A key component of happy parenthood – impossible to explain to parents-to-be – is how important surrender can be. Surrender to your kids. Surrender to chaos. Surrender to your husband’s paycheck. Surrender to life on life’s terms, not yours. (I hate this part of motherhood.)
Two weeks ago Tuesday, as the snow predictions rolled across the tv screen, my husband called from the train station to say he had to leave – a day early -- for a critical business meeting in New York City.
Our babysitter announced she was afraid to drive in snow -- she probably wouldn’t make it to our house.
The gym where our son’s basketball team practices closed; coach’s computer was down and someone had to get in touch with all the parents.

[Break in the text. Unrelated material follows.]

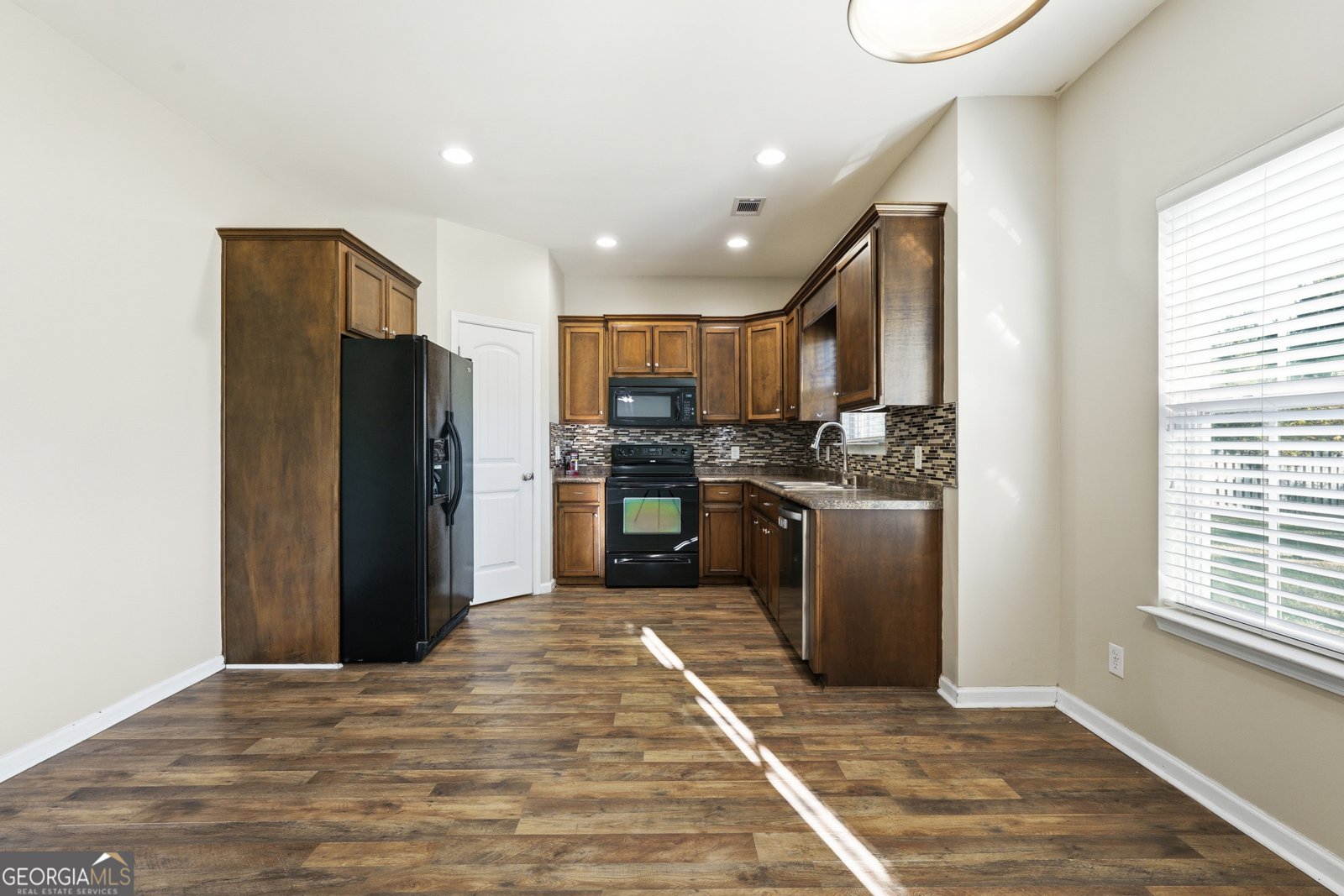 374 Mill Pond Lane Ludowici - 23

My kids wore their pajamas backwards – the latest superstition to bring on enough snow to close school.
And naturally, Mom (in this case, moi) glued all these broken pieces back together.
Sure enough, schools throughout metro DC were closed Wednesday due to a nasty mixture of snow, freezing rain, and ice-glazed streets and sidewalks. My three kids, our dog, and another family went sledding in a nearby park. I texted my husband in New York: “Sledding in Montrose Park!” Later I texted him: “Watching Almost Famous with the kids and drinking hot chocolate!”
I felt badly for him -- he would have cherished an unexpected snow day with the kids. Yet he’s never been home for a single snow day in 12 years. And, after a dozen years of rolling through unexpected snowstorms, unplanned career compromises, and unforeseen childcare changes, I’ve adapted to the daze of motherhood: I had a complete and utter blast.